■ **DATA FOR ANALYSIS**
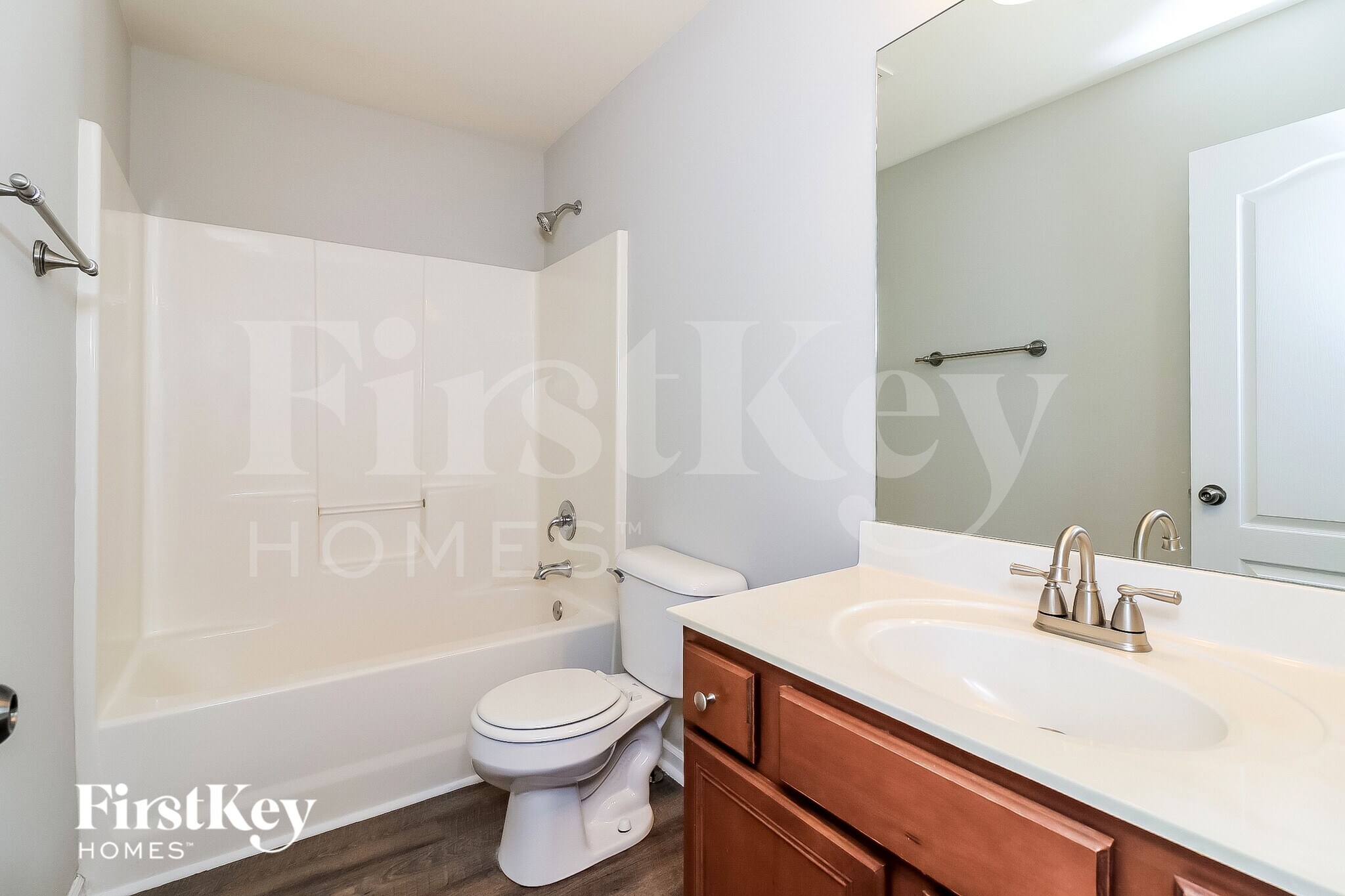 Building Photo - 427 Belmont Way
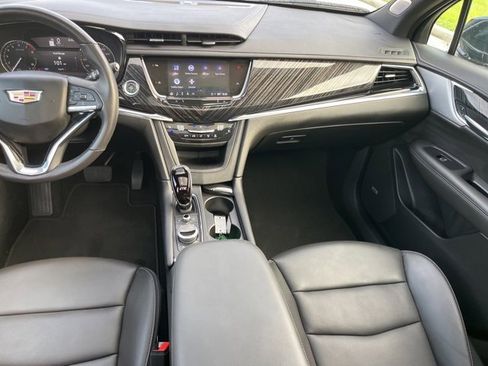 Used 2025 Cadillac XT6 Premium Luxury image 34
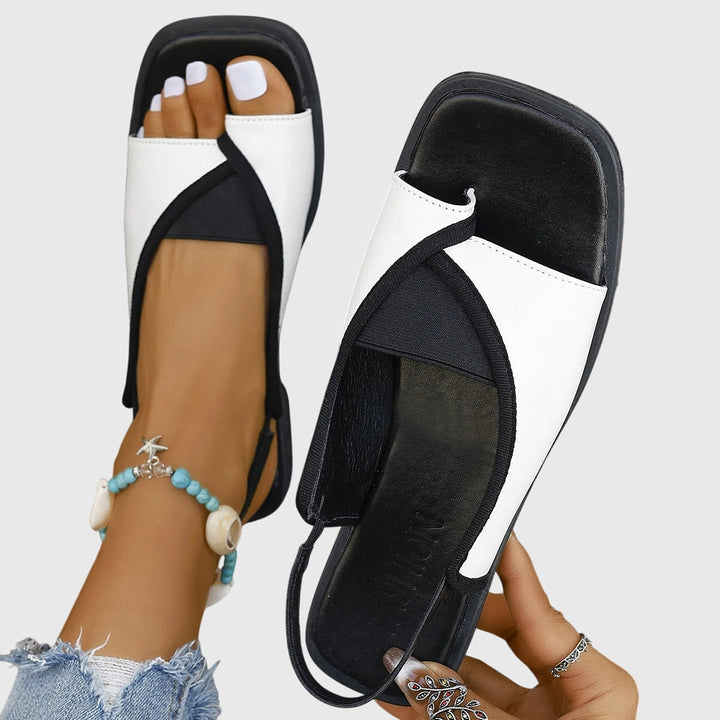 Women's comfortable orthopedic beach sandals with cushioned support, ideal for summer activities and walking.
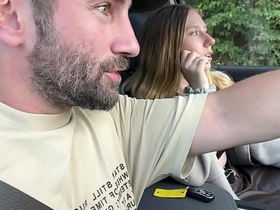 我们在路上捡了个可爱的小鲜肉，和女友一起操了他 dark skin gay chinese porn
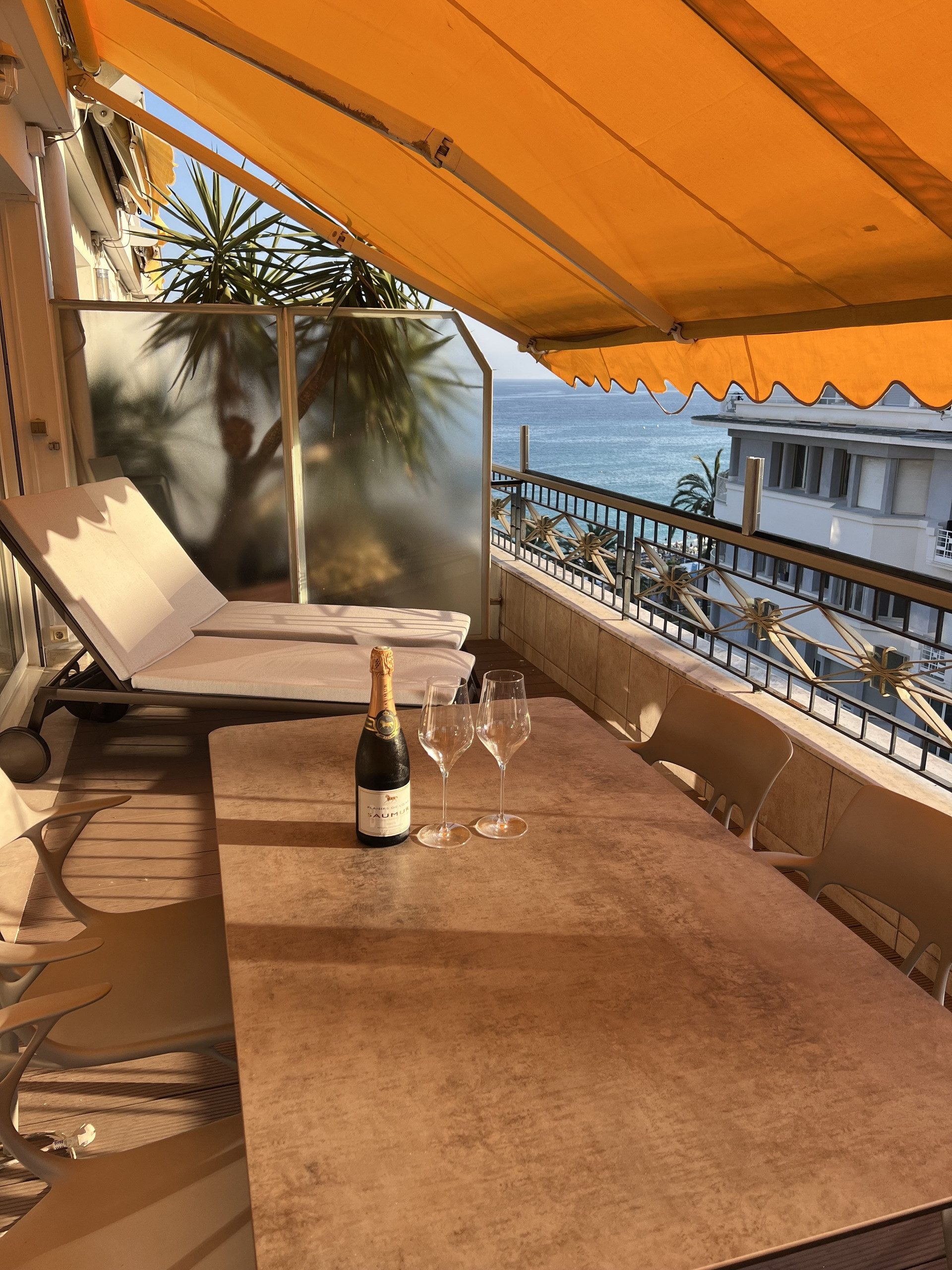 Terrace champagne table sea view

■ **TASK INSTRUCTIONS**
All records above need to be returned exactly. Omit the pictures.

■ **ANSWER SECTION**
 Building Photo - 427 Belmont Way
 Used 2025 Cadillac XT6 Premium Luxury image 34
 Women's comfortable orthopedic beach sandals with cushioned support, ideal for summer activities and walking.
 我们在路上捡了个可爱的小鲜肉，和女友一起操了他 dark skin gay chinese porn
 Terrace champagne table sea view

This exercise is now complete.